With all these exotic neighbors, John Zorn’s Masada came much closer than usual to passing for a straight-up jazz quartet Tuesday night. Masada essentially treat their venue as a rotating fifth member, and it took a while for the Angel Orensanz Foundation’s echo-heavy converted church to establish rapport with them. So the group’s affectionate flexibility carried the show, drummer Joey Baron swung firmly but politely, and they stuck to the looser, mellower end of their book until Zorn poured an alto bloodbath over the end of the late set.
The next night, a quartet with Dave Lombardo (ex of Slayer), Fred Frith, and Bill Laswell (who should
really lose that beret) brought out Zorn’s worst tendencies— formless shrieking endlessly testing audience endurance— though all the Xtreme Noiz Dudes wearing Mr. Bungle T-shirts ate it up. Frith spent most of the set being drowned out; Thursday night, though, he pulled off a magnificent, playful improvised duet with Joey Baron at Angel Orensanz. A virtuoso of tone, Frith constructs extended arguments from the guitar’s less-used bits— tuning pegs, unamplified strings, paintbrushes (well, his gear includes them). Sometimes you know it’s a guitar; sometimes it’s a set of versatile electric pickups with some wood attached. He led, Baron followed (visibly itching to go bang but keeping it down), and they got a standing ovation.
On the Is This What They Call Jazz Over There? front, Osaka’s bizarro Boredoms bummed out a big crowd of devotees. Their new lineup relies on duration and repetition, a blast on record. But in the boomy South Street Seaport Atrium, with three drummers prolonging climaxes for 10 or 15 minutes straight, it was numbing. French prog-rock heroes Magma, on the other hand, had the clock on their team at their first NYC appearance in 25 years or so. I spent half an hour (meaning the first two-thirds of the first song) snickering at their excesses (extended tweedly solos, a row of vocalists harmonizing in the language that drummer Christian Vander invented, Vander’s geekgasm faces) before I noticed my middle and ring fingers curling into the international “this rocks” sign.
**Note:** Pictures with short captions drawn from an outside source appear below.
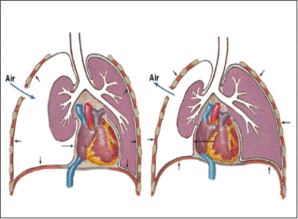 氣胸,注意事項,負壓,吸引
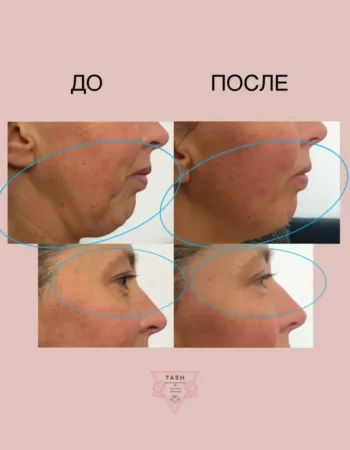 Массаж в Монпелье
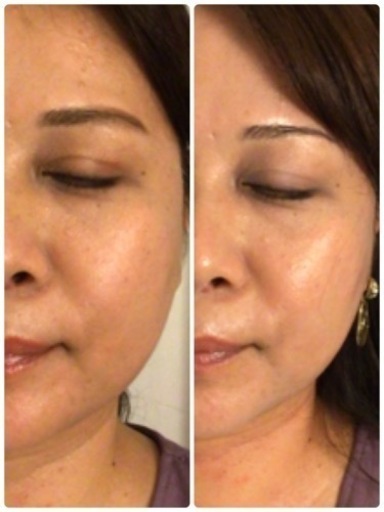 ハーブピーリング5回分 剥離なし（11月11日から2月20日の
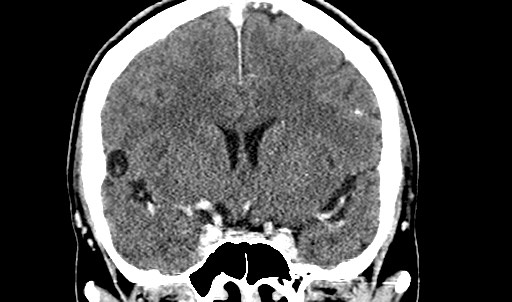 File:Active neurocysticercosis before and after therapy (Radiopaedia 71710-82099 Coronal C+ delayed 34).jpg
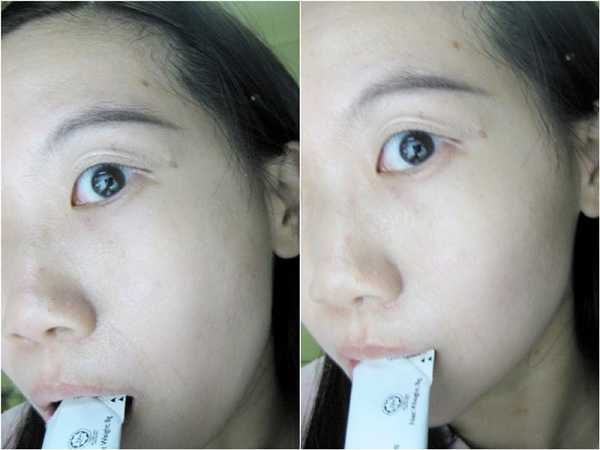 Kinohimitsu擊黑素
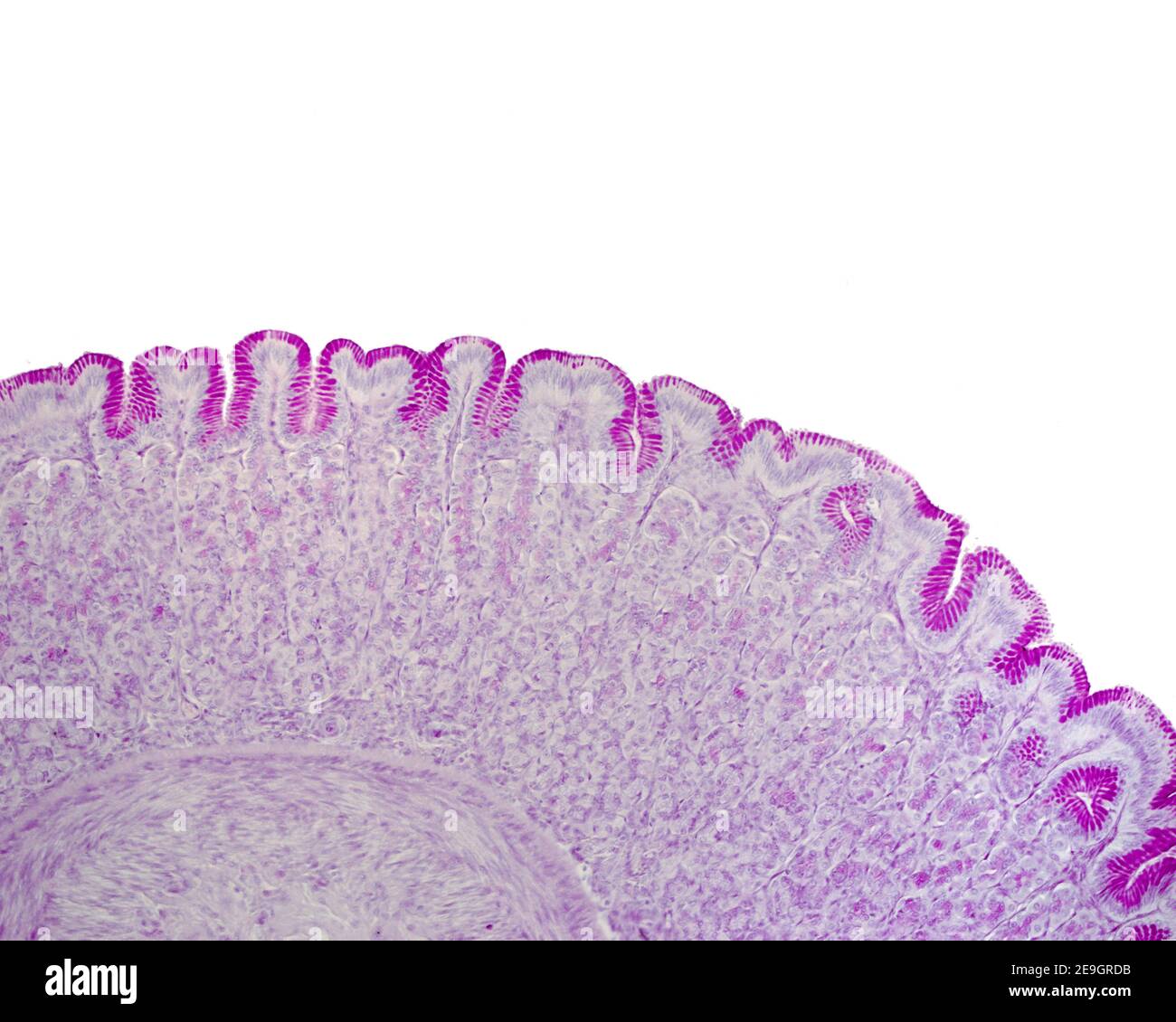 Muqueuse gastrique colorée avec la technique de l'acide périodique Schiff (pas) Montrant la positivité intense du pas de l'épithélium de surface et du fovéolaire cellules Banque D'Images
The biggest rock buzz, though, came from the New York Art Quartet’s 35-year reunion Sunday night at the Seaport Atrium. They had the makings of a great rock’n’roll band: a charismatic vocalist (poet Amiri Baraka, who introduced himself with an EEYAAARRRGH that swiveled heads throughout the Atrium’s food court), energetic (free-form) beats (from the masterful Milford Graves, who also contributed some speaking-in-tongues and a bit of interpretive dance), and hoots of delight from a very young crowd (most of whom wouldn’t have thought of coming if Sonic Youth hadn’t been headlining). The Youths themselves, with Ikue Mori sitting in on extra percussion, make a better guitar band than a jazz unit: their songs were confident and idiosyncratic, their improv-based piece pretty dismal. Still, they’re pointing their fans toward the fringes they love, which addresses the problem of the moment more directly. There’s no shortage of excellence in the trickier reaches of jazz right now— just of people around to hear it.